EXERCISE BRIEF: The lines from the one containing "Pickerington house for" to the end of the entries, both included, are what you need to transcribe exactly, without pictures and without anything else.
+ + + + +
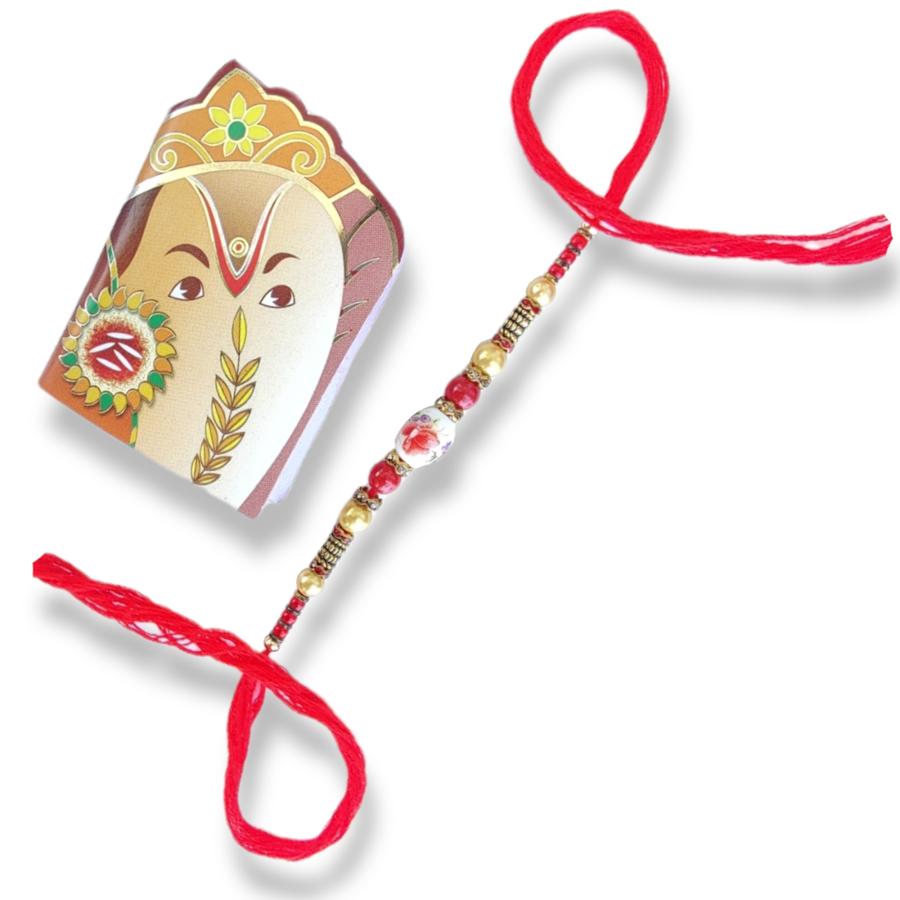 Elegant Flower Stone Rakhi With Handcrafted Ornaments + Roli & Chaval Elegant Flower Stone Rakhi With Handcrafted Ornaments + Roli & Chaval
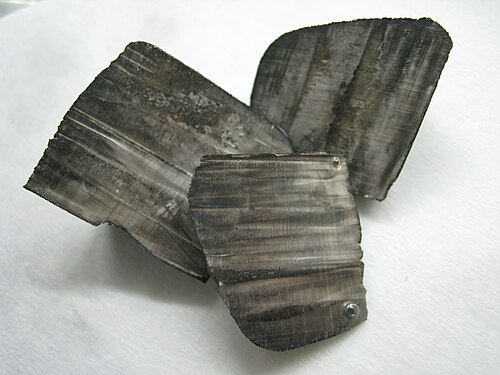 Lithium ingots with a thin layer of black nitride tarnish

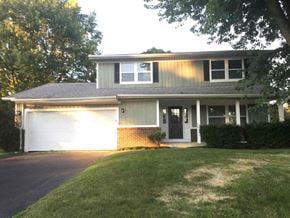 Pickerington house for rent - a house with a white garage door and a lawn
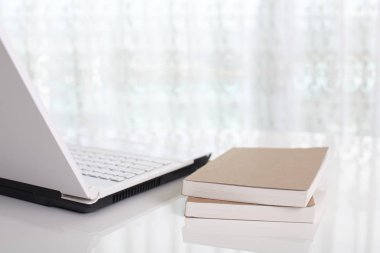 Laptop with books on the desk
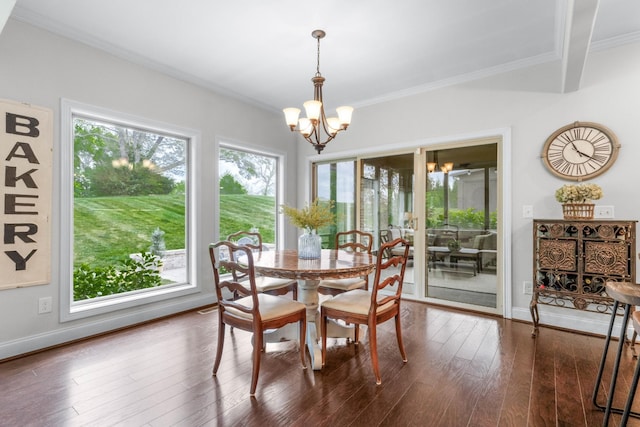 dining space featuring baseboards, ornamental molding, dark wood finished floors, and a notable chandelier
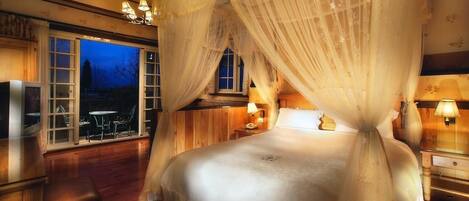 Un dormitorio con cama con dosel, suelo de madera, un ventanal con vistas y una araña.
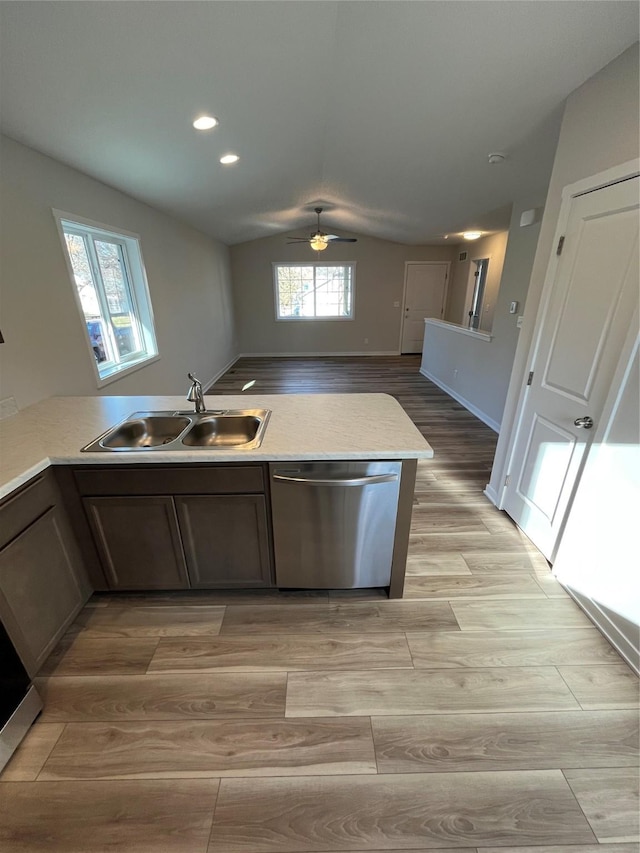 1533 Walker St, Des Moines, IA 50316 - kitchen with dishwasher, a sink, light wood-style floors, ceiling fan, and lofted ceiling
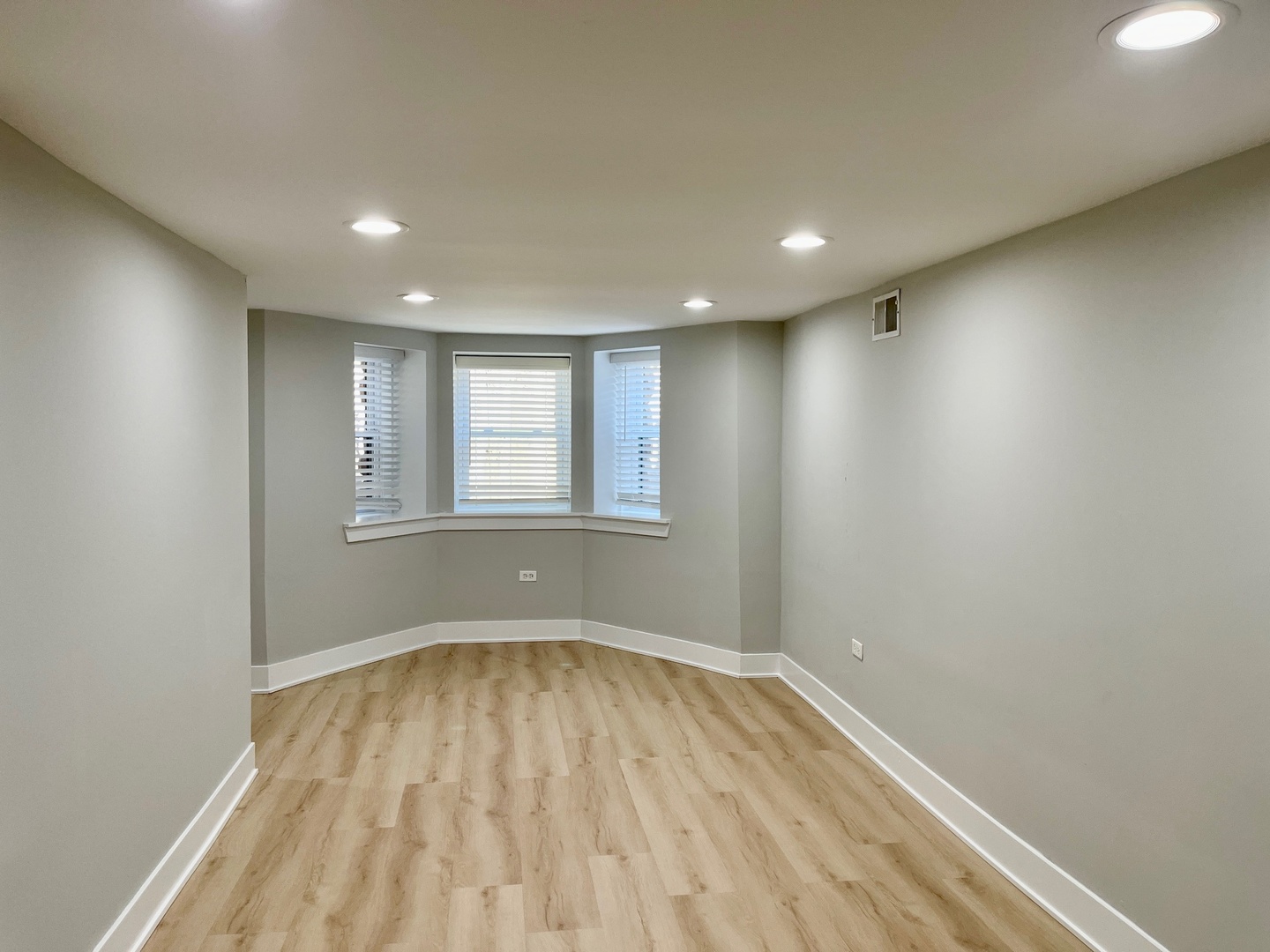 2239 West 19th Street, Unit G Chicago, IL 60608 - Photo 13 of 17 a view of empty room with wooden floor and fan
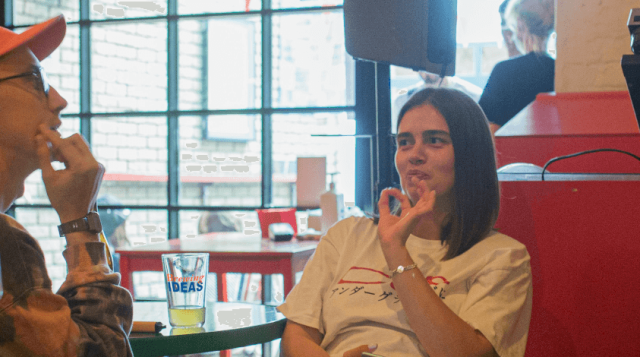 a group of young adults sits at a table in a restaurant/bar, with 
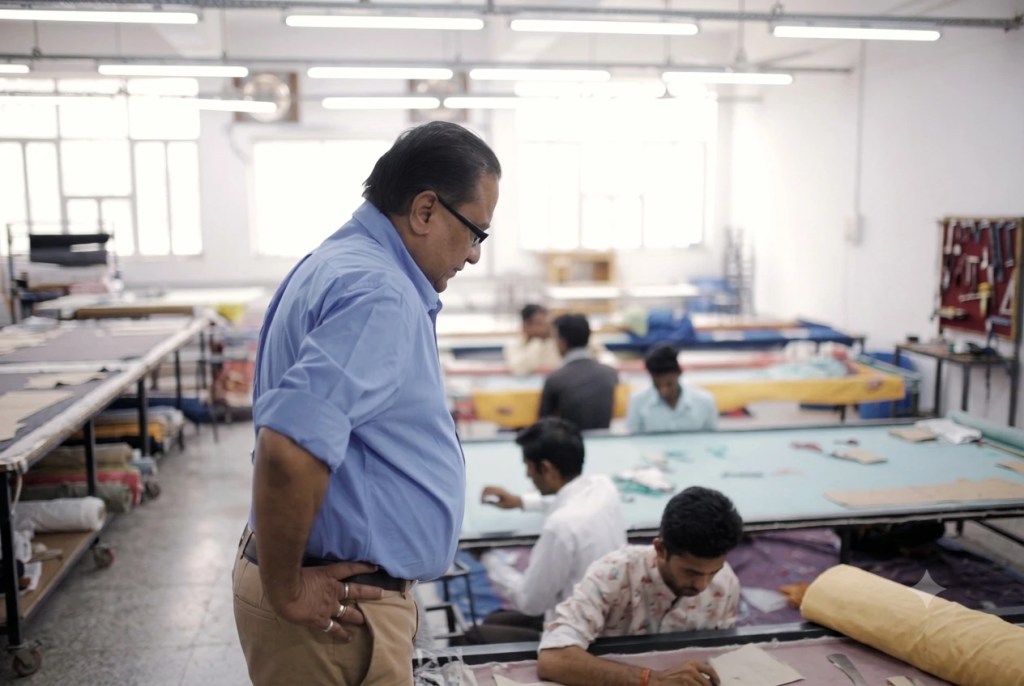 A man in a blue shirt and khaki pants stands in a workshop, looking down at a table where another man is working.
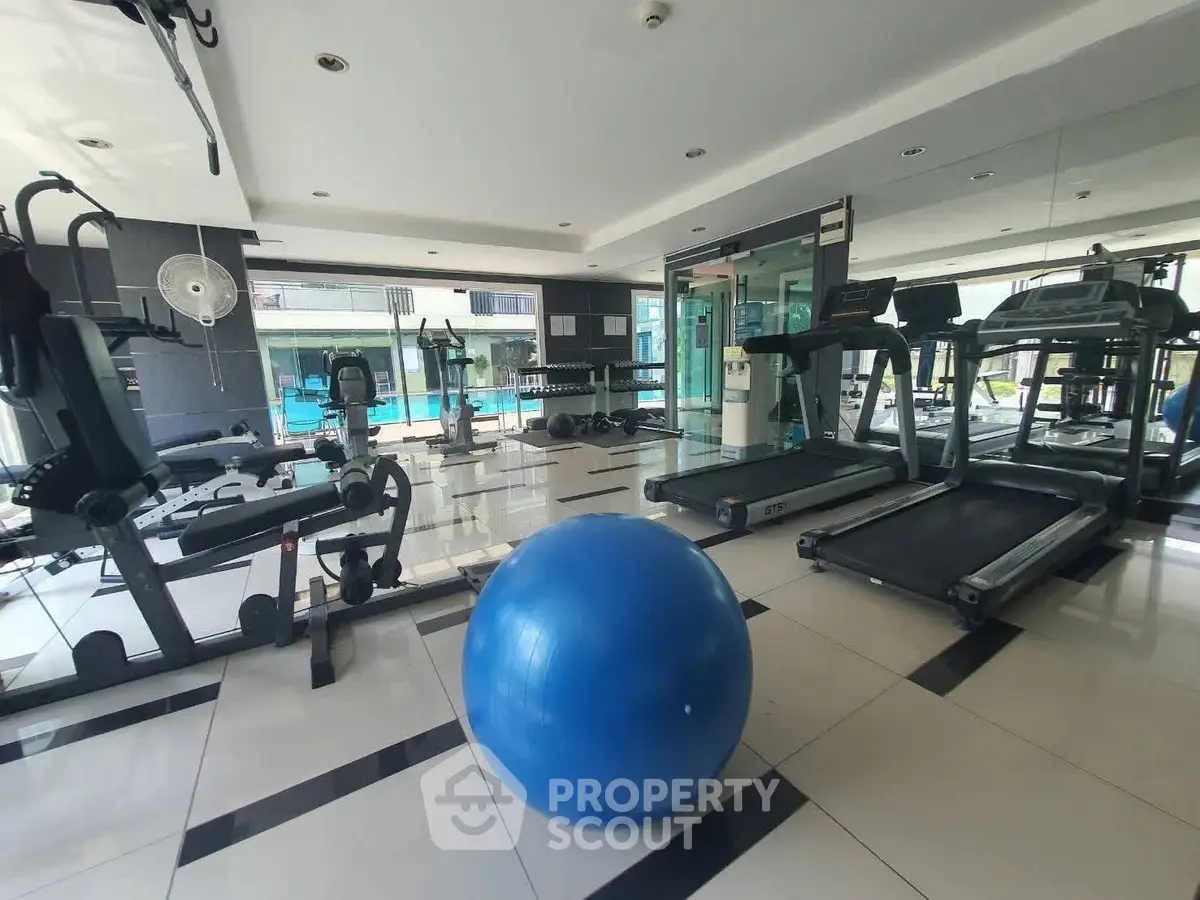Spacious modern gym with state-of-the-art equipment and pool view, perfect for fitness enthusiasts.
+ + + + +
TASK RESULT:
 Pickerington house for rent - a house with a white garage door and a lawn
 Laptop with books on the desk
 dining space featuring baseboards, ornamental molding, dark wood finished floors, and a notable chandelier
 Un dormitorio con cama con dosel, suelo de madera, un ventanal con vistas y una araña.
 1533 Walker St, Des Moines, IA 50316 - kitchen with dishwasher, a sink, light wood-style floors, ceiling fan, and lofted ceiling
 2239 West 19th Street, Unit G Chicago, IL 60608 - Photo 13 of 17 a view of empty room with wooden floor and fan
 a group of young adults sits at a table in a restaurant/bar, with 
 A man in a blue shirt and khaki pants stands in a workshop, looking down at a table where another man is working.
Spacious modern gym with state-of-the-art equipment and pool view, perfect for fitness enthusiasts.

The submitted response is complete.